PROVIDED MATERIAL —
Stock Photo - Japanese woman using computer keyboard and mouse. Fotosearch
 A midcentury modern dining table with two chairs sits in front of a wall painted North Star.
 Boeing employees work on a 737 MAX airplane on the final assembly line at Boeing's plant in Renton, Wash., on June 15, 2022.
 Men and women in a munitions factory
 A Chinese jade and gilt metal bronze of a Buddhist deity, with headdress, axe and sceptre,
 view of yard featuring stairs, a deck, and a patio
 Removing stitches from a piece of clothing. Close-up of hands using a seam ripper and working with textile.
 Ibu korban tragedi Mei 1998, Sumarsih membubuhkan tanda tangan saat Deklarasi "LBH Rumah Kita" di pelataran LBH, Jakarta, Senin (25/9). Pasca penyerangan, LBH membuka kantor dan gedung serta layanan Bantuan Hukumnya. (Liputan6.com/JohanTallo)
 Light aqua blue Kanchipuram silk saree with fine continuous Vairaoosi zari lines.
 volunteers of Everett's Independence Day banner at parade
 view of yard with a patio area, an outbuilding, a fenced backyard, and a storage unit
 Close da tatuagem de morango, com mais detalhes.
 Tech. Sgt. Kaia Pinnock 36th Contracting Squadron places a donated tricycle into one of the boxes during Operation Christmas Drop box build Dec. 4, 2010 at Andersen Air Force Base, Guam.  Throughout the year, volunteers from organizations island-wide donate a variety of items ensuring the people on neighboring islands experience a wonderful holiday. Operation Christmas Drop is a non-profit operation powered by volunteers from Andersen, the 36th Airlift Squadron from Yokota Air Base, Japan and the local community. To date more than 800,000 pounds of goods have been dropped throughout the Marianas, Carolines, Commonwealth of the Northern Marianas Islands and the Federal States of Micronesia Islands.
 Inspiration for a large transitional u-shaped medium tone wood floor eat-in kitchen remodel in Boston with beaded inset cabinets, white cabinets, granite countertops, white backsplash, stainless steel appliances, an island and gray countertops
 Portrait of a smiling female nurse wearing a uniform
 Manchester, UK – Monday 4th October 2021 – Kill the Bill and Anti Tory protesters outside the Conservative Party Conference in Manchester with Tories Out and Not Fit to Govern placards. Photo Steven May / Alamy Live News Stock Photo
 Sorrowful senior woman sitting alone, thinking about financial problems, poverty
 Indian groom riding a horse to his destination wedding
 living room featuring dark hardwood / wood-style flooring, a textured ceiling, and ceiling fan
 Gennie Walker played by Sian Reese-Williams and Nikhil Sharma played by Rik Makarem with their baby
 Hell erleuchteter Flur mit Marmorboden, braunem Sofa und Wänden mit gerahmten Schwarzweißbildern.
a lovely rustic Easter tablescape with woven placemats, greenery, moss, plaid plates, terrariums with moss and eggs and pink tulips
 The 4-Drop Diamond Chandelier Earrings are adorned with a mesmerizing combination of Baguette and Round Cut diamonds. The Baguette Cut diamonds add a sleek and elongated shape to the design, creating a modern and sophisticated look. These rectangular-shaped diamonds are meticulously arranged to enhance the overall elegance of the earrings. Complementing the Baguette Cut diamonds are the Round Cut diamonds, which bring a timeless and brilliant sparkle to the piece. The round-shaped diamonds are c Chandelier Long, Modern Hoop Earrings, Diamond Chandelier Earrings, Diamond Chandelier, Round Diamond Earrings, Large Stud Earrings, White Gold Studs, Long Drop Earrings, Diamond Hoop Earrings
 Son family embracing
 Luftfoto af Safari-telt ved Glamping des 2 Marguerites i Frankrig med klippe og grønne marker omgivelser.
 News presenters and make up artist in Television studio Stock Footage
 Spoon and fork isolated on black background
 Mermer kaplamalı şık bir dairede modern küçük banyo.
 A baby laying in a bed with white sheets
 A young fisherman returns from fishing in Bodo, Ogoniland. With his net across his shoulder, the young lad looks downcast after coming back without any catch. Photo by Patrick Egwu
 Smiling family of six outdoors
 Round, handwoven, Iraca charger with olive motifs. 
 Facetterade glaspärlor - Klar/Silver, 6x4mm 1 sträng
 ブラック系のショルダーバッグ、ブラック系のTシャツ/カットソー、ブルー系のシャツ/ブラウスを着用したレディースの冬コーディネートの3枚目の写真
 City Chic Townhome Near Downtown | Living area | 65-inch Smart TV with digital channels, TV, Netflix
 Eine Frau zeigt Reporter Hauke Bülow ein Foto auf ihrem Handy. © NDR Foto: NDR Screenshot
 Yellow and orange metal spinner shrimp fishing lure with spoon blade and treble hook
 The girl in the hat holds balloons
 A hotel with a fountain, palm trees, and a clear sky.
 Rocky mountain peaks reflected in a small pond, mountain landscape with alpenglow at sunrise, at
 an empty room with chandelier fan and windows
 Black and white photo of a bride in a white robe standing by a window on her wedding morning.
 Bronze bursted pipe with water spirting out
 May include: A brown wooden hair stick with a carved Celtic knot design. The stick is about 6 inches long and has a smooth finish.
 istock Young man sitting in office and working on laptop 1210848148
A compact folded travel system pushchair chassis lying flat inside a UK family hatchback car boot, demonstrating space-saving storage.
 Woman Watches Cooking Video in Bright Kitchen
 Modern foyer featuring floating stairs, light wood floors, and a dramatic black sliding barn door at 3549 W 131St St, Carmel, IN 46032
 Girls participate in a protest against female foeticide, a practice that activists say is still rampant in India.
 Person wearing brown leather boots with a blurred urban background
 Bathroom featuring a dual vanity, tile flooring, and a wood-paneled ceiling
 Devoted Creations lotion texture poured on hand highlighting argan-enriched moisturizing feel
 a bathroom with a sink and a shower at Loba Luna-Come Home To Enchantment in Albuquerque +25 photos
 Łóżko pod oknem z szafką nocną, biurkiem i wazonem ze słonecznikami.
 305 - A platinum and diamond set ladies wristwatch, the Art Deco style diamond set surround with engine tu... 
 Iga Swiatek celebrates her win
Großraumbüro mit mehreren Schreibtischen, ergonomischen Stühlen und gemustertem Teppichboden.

TASK DIRECTIONS — From the entries above, extract every line where the word "storage" appears.

WRITTEN SOLUTION —
 view of yard with a patio area, an outbuilding, a fenced backyard, and a storage unit
A compact folded travel system pushchair chassis lying flat inside a UK family hatchback car boot, demonstrating space-saving storage.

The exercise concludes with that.